A lot has changed since then. Tachis has passed away.  Geppetti has firmly established Fattoria Le Pupille  as a leader in the region for producing Morellino di Scansano.  In fact, Geppetti has often been called the “Lady of Morellino” and holds the honor of being the first woman ever to be named Director of the Morellino Consorzio.

However, perhaps it was with Tachis in mind that the newest wine from Le Pupille has come to fruition; a pioneering, bold new red created together with Luca d’Attoma and destined to become an example for Maremma to follow.

~ Elisabetta Gepetti and her daughter Clara Gentili are in charge of Fattoria Le Pupille ~

The wine simply bears the name “Le Pupille” but it is unique for many reasons.  For starters, it is 100% Syrah.  When I asked Elisabetta what made her think of creating a pure Syrah, she didn’t hesitate.  “It was always something I wanted to do from the beginning.  When I was younger, I loved the Cote Rotie from Guigal and since Syrah is very adaptive to its environment, I wanted to make a wine with a Mediterranean accent.”

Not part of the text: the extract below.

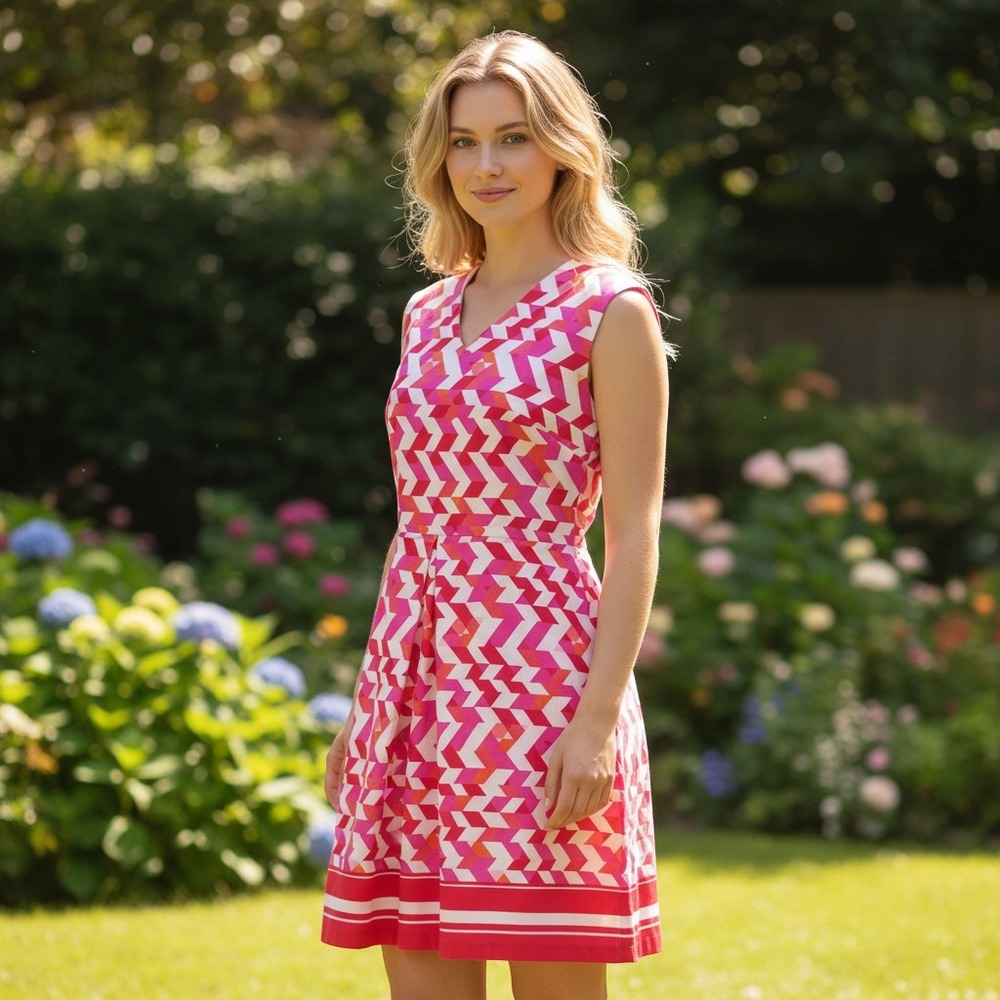 Studio One New York Pink Geometric Chevron Retro V-Neck A-Line Dress Size 16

However, the pioneering aspect didn’t stop there.  For years Le Pupille has been cultivating Syrah.  Since 2000 the parcels of Syrah have been used to produce Le Pupille’s Rosato and also blended into one of the estate’s early drinking red wines, Pelofino.   It wasn’t until 2015 that the Syrah was micro-vinified as a stand alone wine.  And I mean micro-vinified, as only 250 cases were produced.  Geppetti says the reason for waiting 15 years was simple.  “To craft a complex Syrah, you need mature vineyards.”

Additionally, Geppetti wanted a neutral vessel for fermentation so they chose clay amphora – called Orci in Tuscan dialect – acquired from Giovanni Manetti of Fontodi to ferment their Syrah.  The goal was simple. The mother-daughter team wanted the Syrah to speak clearly and while the clay pots allow for very slow oxygenation, they impart almost nothing to the final wine.  It is pure. It is transcendent.

Clay amphora or Orci as they are known in Tuscany

~ Clay pots like these in use at Fontodi are used for the fermentation of Le Pupille Syrah ~

Le Pupille is made from two distinct vineyard parcels totaling only 5 acres.  Grapes from the cooler vineyard were fermented for 8 months in the amphora while the warmer vineyard went into barrique for 25 days.   After being blended, the wine was aged another 10 months in barrique prior to bottling.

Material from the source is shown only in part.